Monday, October 21, 2024

Was It Something He Said and Did?

Always:

Prime Minister Justin Trudeau receives three memos a day, a political aide testified yesterday. The Commission on Foreign Interference is attempting to determine why Trudeau failed to act on repeated warnings of alleged illegal activity by foreign agents: “Would you agree with me the Prime Minister of Canada should not have any problem reading?”

 

THREE whole memos?

He must be exhausted!

**

Prime Minister Justin Trudeau is expected to shuffle his cabinet after four cabinet ministers told the Prime Minister’s Office they will not be running in the next election, adding more pressure to a government facing an internal caucus revolt.
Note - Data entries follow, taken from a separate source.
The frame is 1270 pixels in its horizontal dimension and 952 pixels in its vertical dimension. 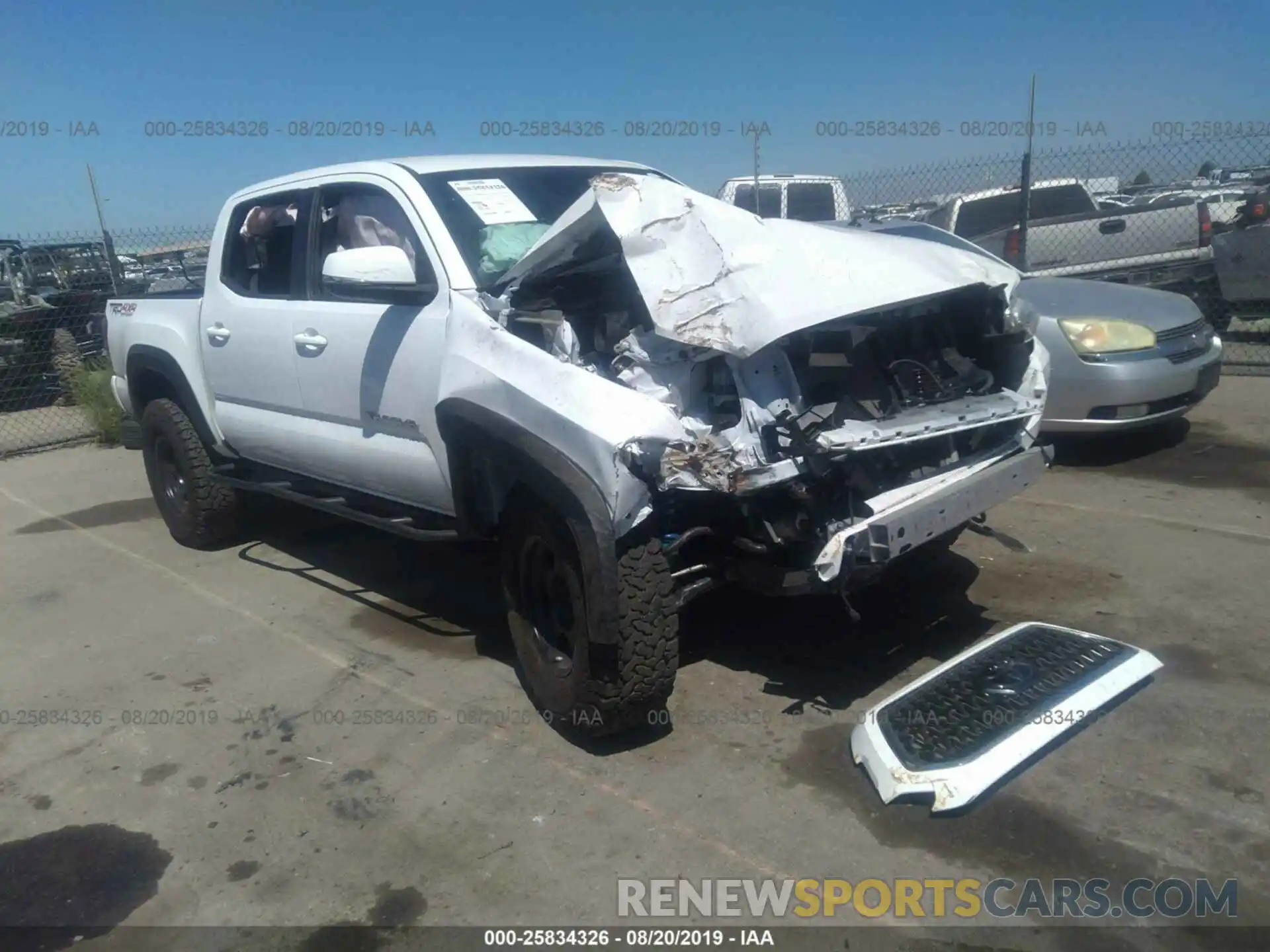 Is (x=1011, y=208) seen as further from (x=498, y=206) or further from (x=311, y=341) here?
(x=311, y=341)

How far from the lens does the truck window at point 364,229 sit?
4.08 metres

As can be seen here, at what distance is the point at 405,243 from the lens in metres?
Answer: 4.23

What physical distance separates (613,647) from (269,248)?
312cm

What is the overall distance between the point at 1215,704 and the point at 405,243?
11.5 ft

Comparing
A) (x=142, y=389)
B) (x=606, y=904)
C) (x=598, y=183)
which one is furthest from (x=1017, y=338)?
(x=142, y=389)

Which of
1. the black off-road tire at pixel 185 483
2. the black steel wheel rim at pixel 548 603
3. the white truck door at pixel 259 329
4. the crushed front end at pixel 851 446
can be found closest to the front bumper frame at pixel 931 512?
the crushed front end at pixel 851 446

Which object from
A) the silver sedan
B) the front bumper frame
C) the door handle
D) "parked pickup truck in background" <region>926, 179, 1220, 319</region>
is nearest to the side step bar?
the door handle

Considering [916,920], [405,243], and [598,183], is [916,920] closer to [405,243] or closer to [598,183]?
[598,183]

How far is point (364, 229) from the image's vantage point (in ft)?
14.8

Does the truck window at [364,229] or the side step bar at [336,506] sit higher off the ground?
the truck window at [364,229]

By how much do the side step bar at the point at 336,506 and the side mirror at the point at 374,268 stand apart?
3.22 feet

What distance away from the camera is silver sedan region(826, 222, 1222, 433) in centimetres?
605

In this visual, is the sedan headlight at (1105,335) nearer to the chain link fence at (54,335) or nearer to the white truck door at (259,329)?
the white truck door at (259,329)

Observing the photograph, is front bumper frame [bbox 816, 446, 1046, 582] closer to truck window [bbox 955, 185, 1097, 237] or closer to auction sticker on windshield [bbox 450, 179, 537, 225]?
auction sticker on windshield [bbox 450, 179, 537, 225] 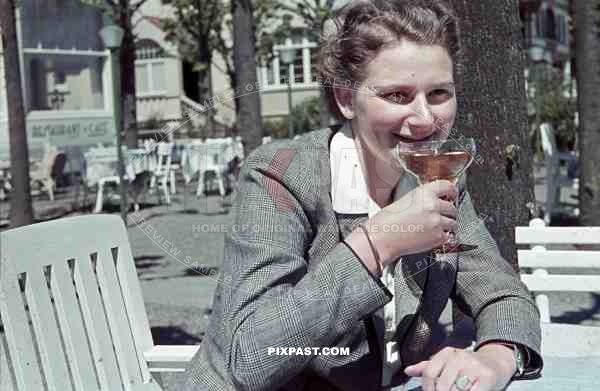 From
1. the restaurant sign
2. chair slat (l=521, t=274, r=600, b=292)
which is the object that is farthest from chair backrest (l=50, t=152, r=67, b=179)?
chair slat (l=521, t=274, r=600, b=292)

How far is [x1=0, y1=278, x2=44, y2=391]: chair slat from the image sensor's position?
5.96ft

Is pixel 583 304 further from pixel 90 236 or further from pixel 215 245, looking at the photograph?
pixel 90 236

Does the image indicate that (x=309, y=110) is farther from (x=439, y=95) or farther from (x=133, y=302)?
(x=439, y=95)

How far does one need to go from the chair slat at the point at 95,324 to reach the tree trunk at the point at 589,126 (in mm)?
6118

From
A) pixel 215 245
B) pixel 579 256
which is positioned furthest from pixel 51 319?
pixel 579 256

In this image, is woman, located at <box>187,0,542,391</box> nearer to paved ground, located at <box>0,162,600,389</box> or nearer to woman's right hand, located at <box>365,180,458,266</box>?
woman's right hand, located at <box>365,180,458,266</box>

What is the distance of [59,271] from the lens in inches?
80.3

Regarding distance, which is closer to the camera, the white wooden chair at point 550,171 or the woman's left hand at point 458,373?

The minister responsible for the Federal Economic Development Agency for Southern Ontario, Filomena Tassi, and Sports Minister Carla Qualtrough have announced on social media they will not run again.

Other ministers that will not be running again include Northern Affairs Minister Dan Vandal and National Revenue Minister Marie-Claude Bibeau, a government source confirmed to The Canadian Press. The two ministers have not yet put out statements.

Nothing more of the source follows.